Channel 7 News reports that the family had been allowed to walk through the hotel corridors despite all four being Covid-positive.

But they were granted some freedom because the kids were so distressedthey had smeared “human waste” in their accommodation.

Nursing staff visited their room on May 18 after the faeces contamination.

A $3million (£1.7m) inquiry is examining the possibility that every coronavirus case in Victoria is linked to the bungled hotel quarantine programme.

The hearing was told this week that security guards allowed the family out of their room after the “episode of environmental contamination” – where poo was spread around.

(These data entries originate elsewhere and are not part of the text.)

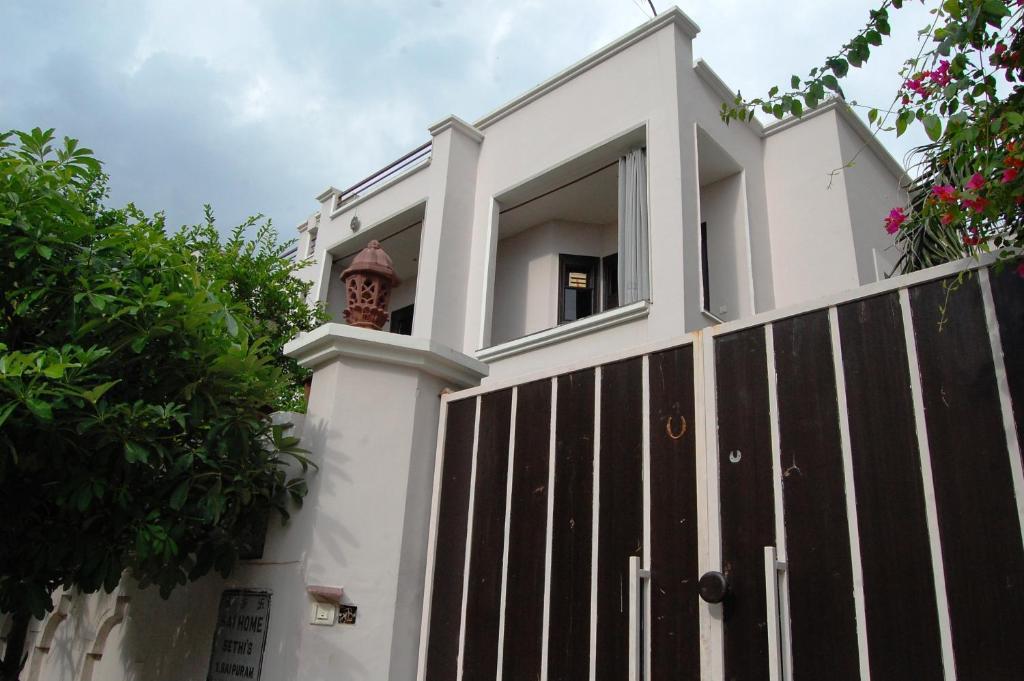 Sai Home Stay Bed & Breakfast- Near Tajmahal อัครา ภายนอก รูปภาพ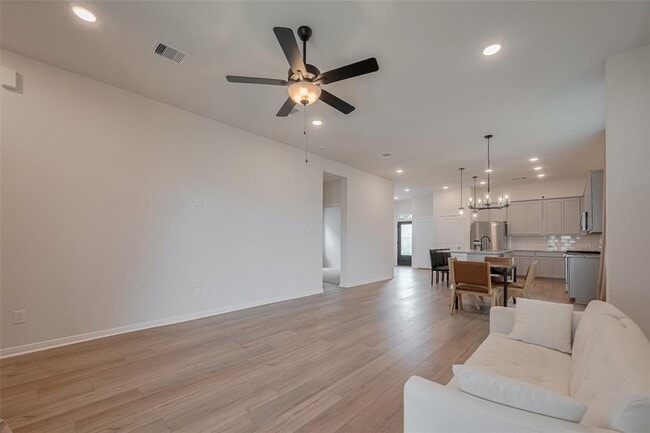 Building Photo - 16331 Verbena Glen Dr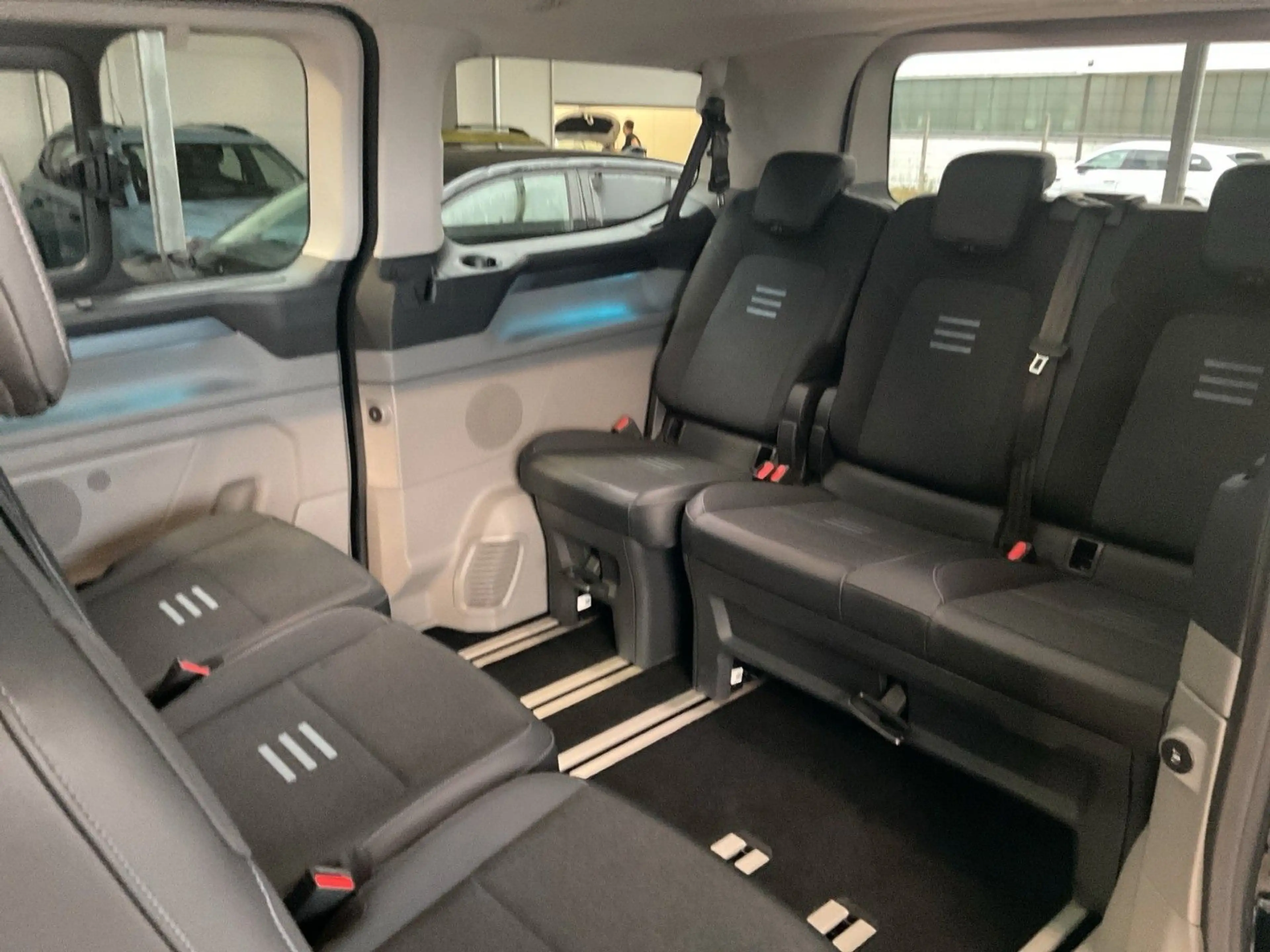 Ford Tourneo Custom Bus 320 L2 Tourneo Active FWD — photo 13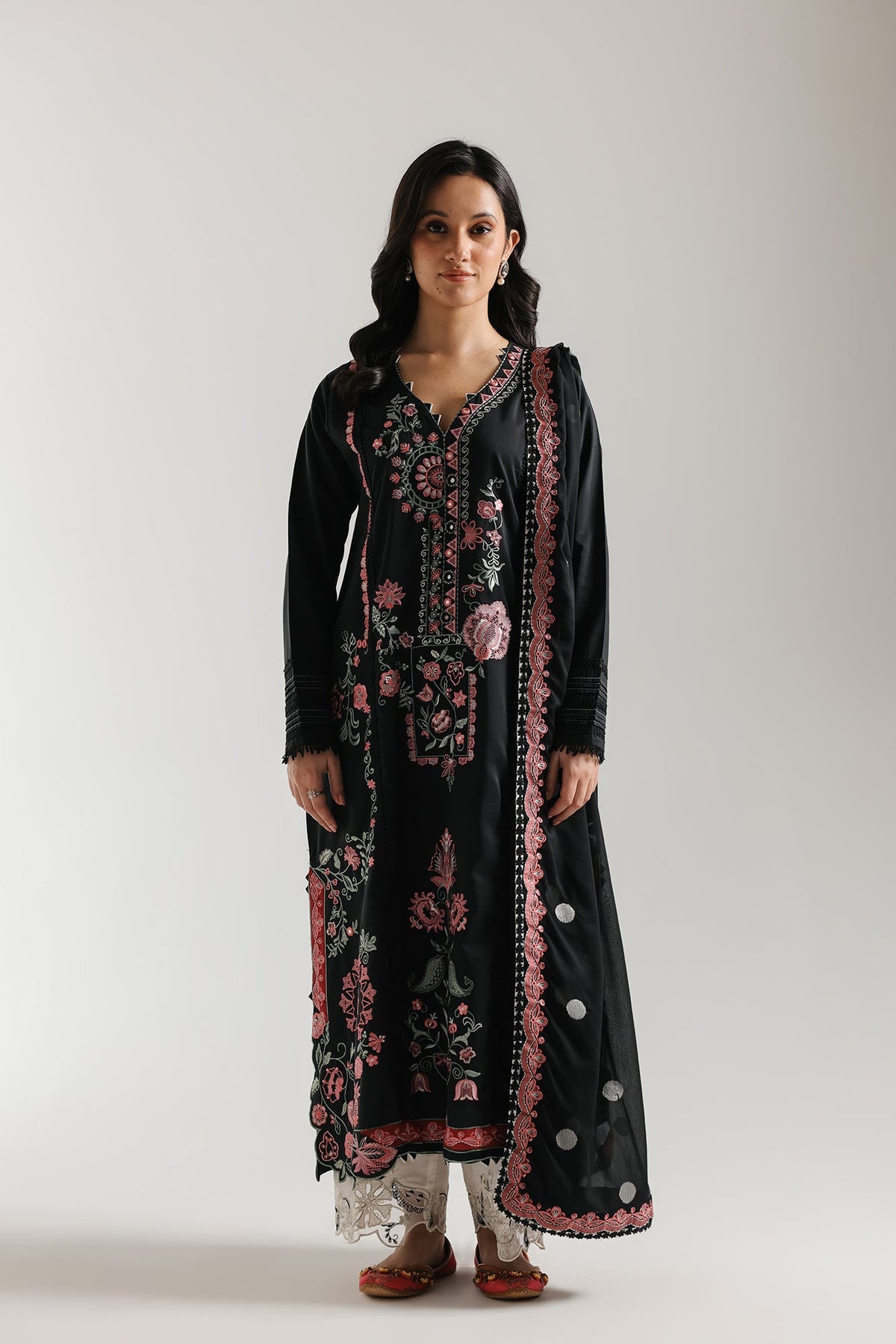 EMBROIDERED SUIT (E4168/103/902)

The infected family was never allowed to leave Rydges, and were restricted to walking through hallways under supervision.

Dr Alpren said the Rydges outbreak started with the family returning from overseas on May 9.

They had been moved into the hotel on May 15 after displaying coronavirus symptoms. Three days later, May 18, all four had tested positive.

“Subsequently there is a suggestion that the family were approved to walk outside their room, during which they were accompanied by security guards,’’ Dr Alpren told the inquiry.

“It is possible a transmission event or events happened at this point.’’

He said that while it's known exactly when they spread the bug to Rydges Hotel workers, an employee and two security guards contracted the disease.

By mid-June, a total of 17 workers at the hotel and their close contacts had tested positive, said AAP.

“Transmission could have occurred directly from the family to staff or through contamination with virus of surfaces in the hotel with which staff then had contact with,” the doctor's statement adds.

Genomic sequencing of 5,395 active cases showed that 3,594 infections could be linked to the Rydges hotel outbreak, he said.

That outbreak was linked to another 24 clusters.

There are very few people now coming into Victoria who potentially offer new sources of importation of the virus, the inquiry was told.

AAP points out that at the time of the Rydges outbreak, there were very few other cases of Covid-19 in Victoria and just 19 people had died from the virus.

As of August 19, the state’s death toll stands at 351, with 7,274 active infections.

Another outbreak happened at the Stamford Plaza – also in Melbourne – and was traced back to a man returning from overseas on June 1, along with a couple who returned on June 11.

About a week later a worker at Stamford showed coronavirus symptoms on June 10 and tested positive on June 14.

As a result 46 workers at the hotel and their close contacts were later found to have developed Covid-19.

But Dr Alpren said he had found “no links” between the two hotels.

The inquiry was also told that advice on personal protective equipment given to security staff at both hotels was inappropriate and inaccurate.

Infectious disease expert Professor Lindsay Grayson said the security guards should have been wearing eye protection.

The expert said they should also have donned gloves, a gown and face mask when with returned travellers or touching objects belonging to them.

Guards have been pictured asleep on a quarantine hotel floor in Australia amid allegations security romped with British tourists.

Security staff and “quarantine-hotel insiders” have confirmed some hotel guards slept with guests during quarantine, according to reports earlier this month.

It is now understood some of those involved in the illicit romps were British.

The inquiry continues on Thursday, when hotel guests and workers are expected to give evidence.

It was set up to examine the decisions and actions of government agencies, hotel operators and private contractors during the hotel quarantine programme.

The hearing is also probing the communication between the three parties, the contractual arrangements and the information, guidance, training and equipment provided to staff in hotels.

Victoria Premier Daniel Andrews has acknowledged that his government was asking a lot of residents with the new level of restrictions which would cause hardship.